Print the line containing "出具证明文件重大失实罪的处罚标准是什么", then every line after it through the end of the material, exactly as written and without pictures.

§ DATA BELOW:
BEGIN
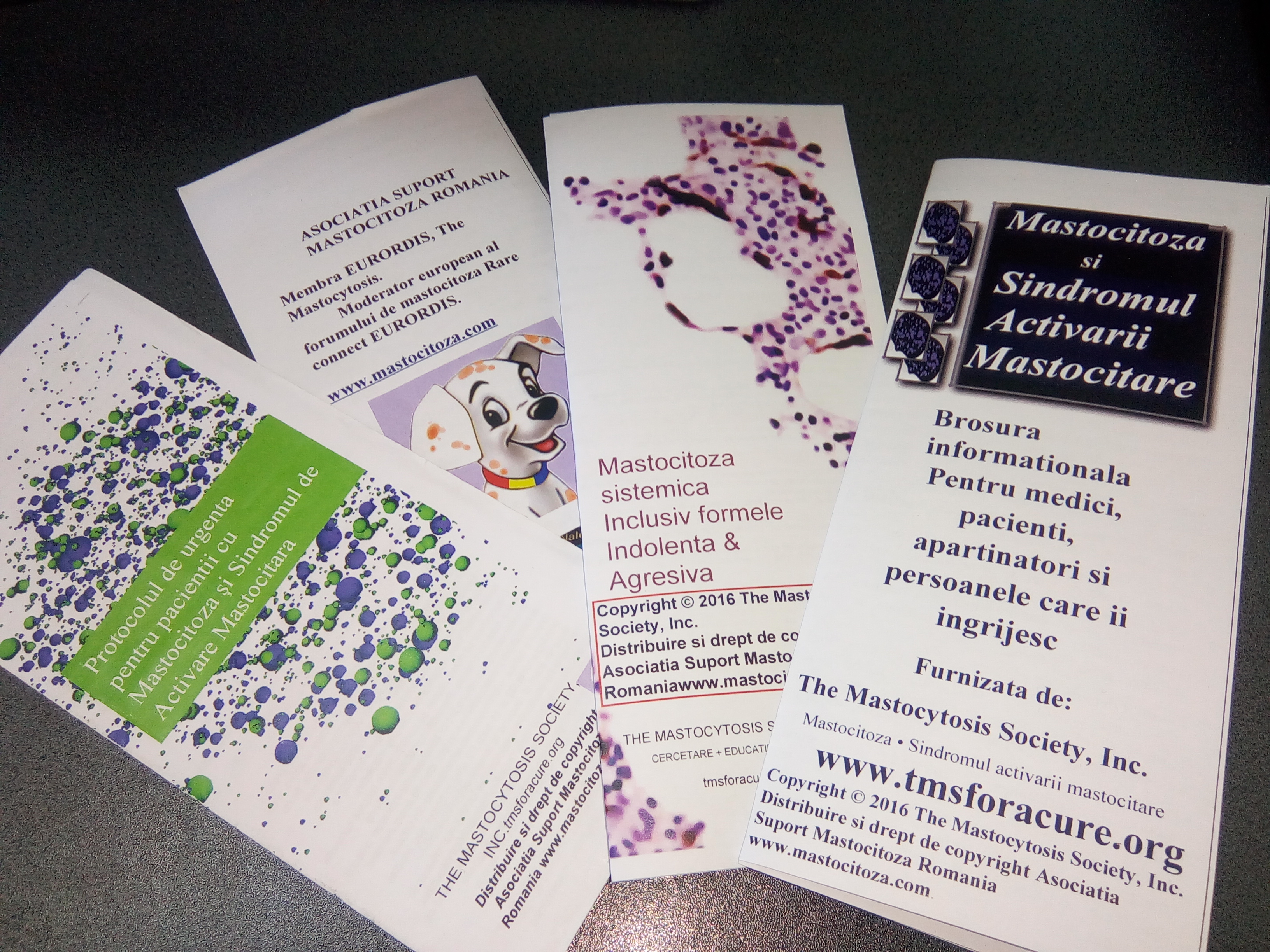 Testare genetica pentru tratamente personalizate in mastocitoza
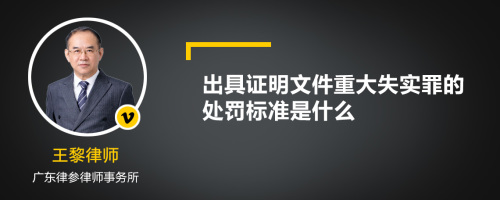 出具证明文件重大失实罪的处罚标准是什么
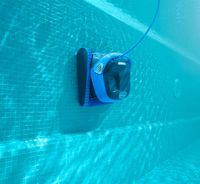 Dolphin S400 Underwater Wall Cleaning 6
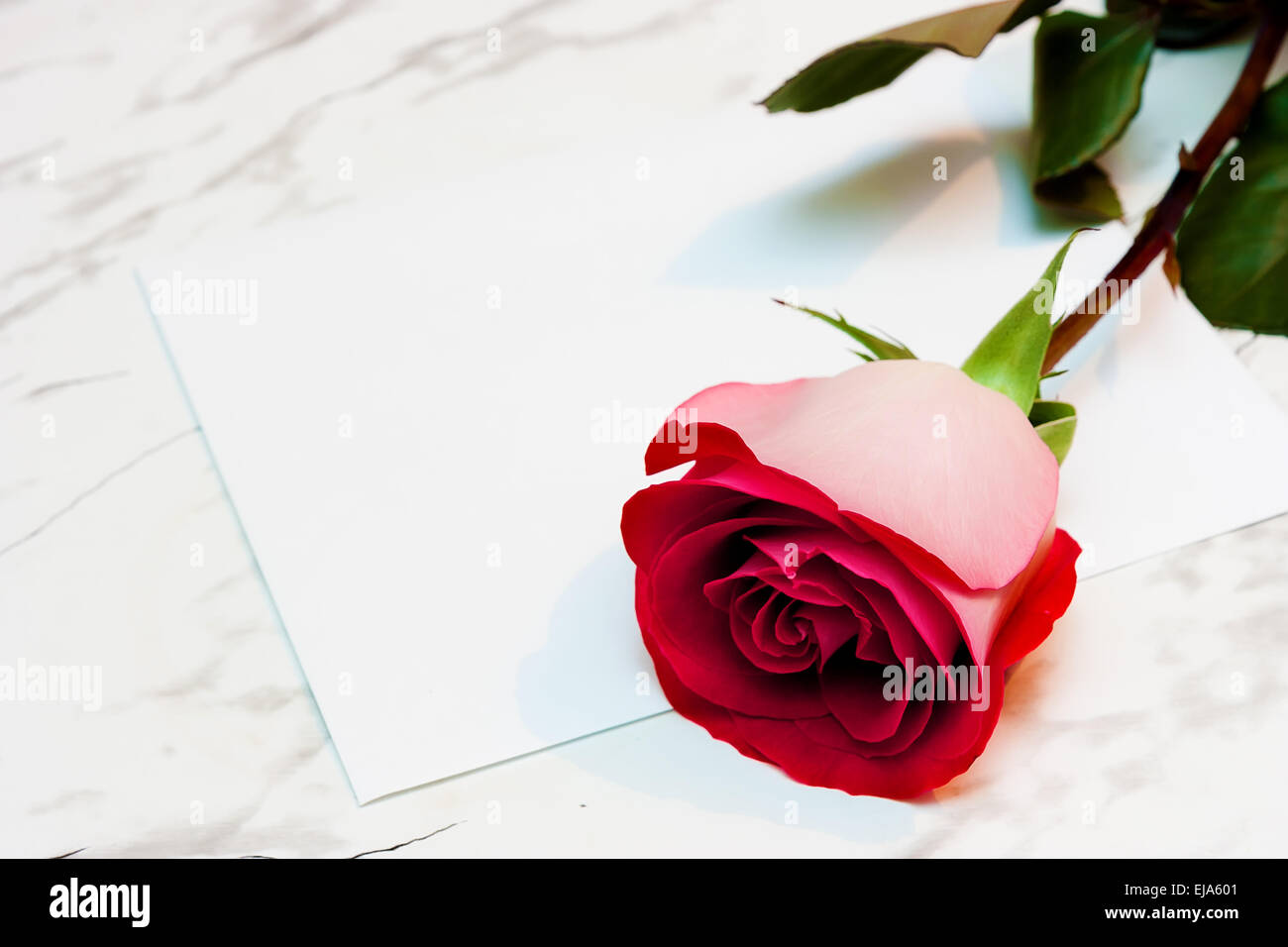 Una rosa rossa e una lettera sulla tavola di marmo Foto stock - Alamy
END
§ RESPONSE TO THIS EXERCISE:
 出具证明文件重大失实罪的处罚标准是什么
 Dolphin S400 Underwater Wall Cleaning 6
 Una rosa rossa e una lettera sulla tavola di marmo Foto stock - Alamy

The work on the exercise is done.